Stupid computer programmers...


----------



## Mark Oomkes (Dec 10, 2000)

cwren2472 said:


> The plow blocks the air flow to outside air temp sensor. As Phil said, if you are using "auto", the climate control will not work because the outside air temp is read incorrectly


Which is stupid...because it should blow whatever you have it set at.


----------



## cwren2472 (Aug 15, 2014)

Mark Oomkes said:


> Which is stupid...because it should blow whatever you have it set at.


But that wouldn't be "smart" of the truck. "Auto" is supposed to know better than you how much heat you'd like. 'Cuz humans are too stupid to sense when they are too hot. They could just overheat and die at any second.
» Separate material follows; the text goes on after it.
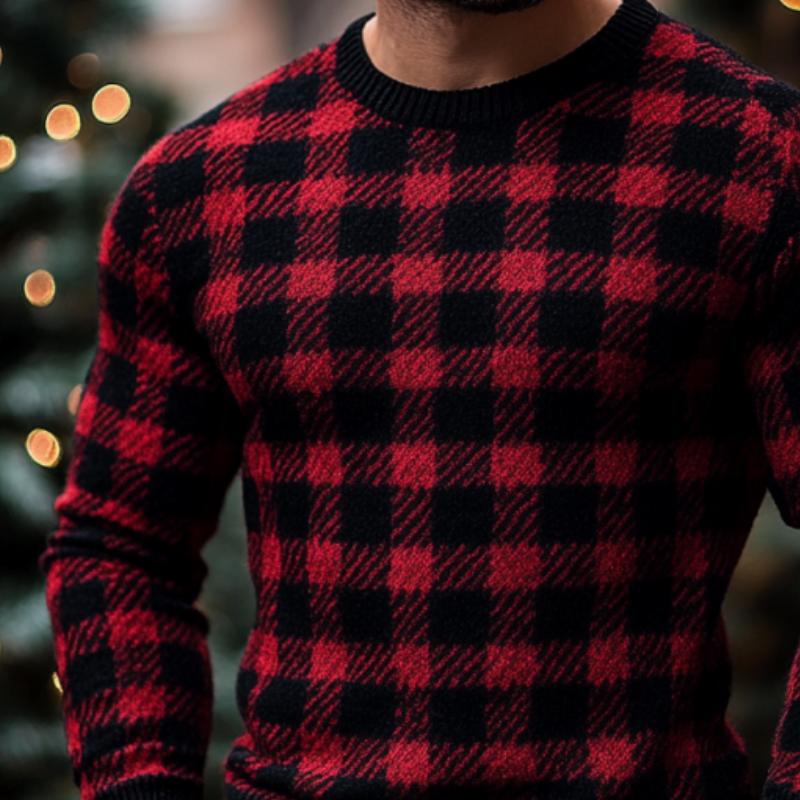 Men's Christmas Red and Black Check Crew Neck Slim Fit Sweater 9262184333496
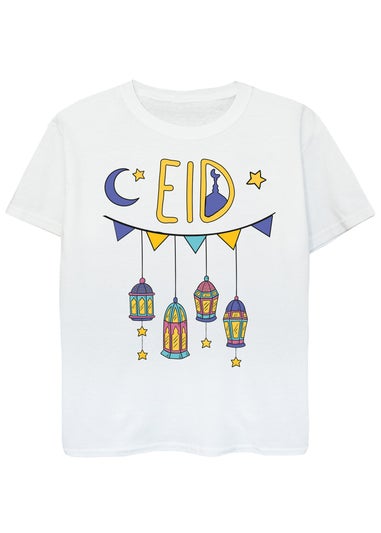 Brands In Eid Lanterns Banner Kids White T-Shirt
Alternatively, I guess you could argue that humans are just expected to be too lazy to reach _all the way_ over to the center console to adjust a knob. They might pull a muscle.


----------



## Philbilly2 (Aug 25, 2007)

Mark Oomkes said:


> Which is stupid...because it should blow whatever you have it set at.


Is it though?

How does it know what system to use?

If it is 120 degrees outside and you are looking for 70 degrees in the cab, it will use A/C to do so. If it is 20 degrees and you are asking for 70 degrees in the cab it would use heat.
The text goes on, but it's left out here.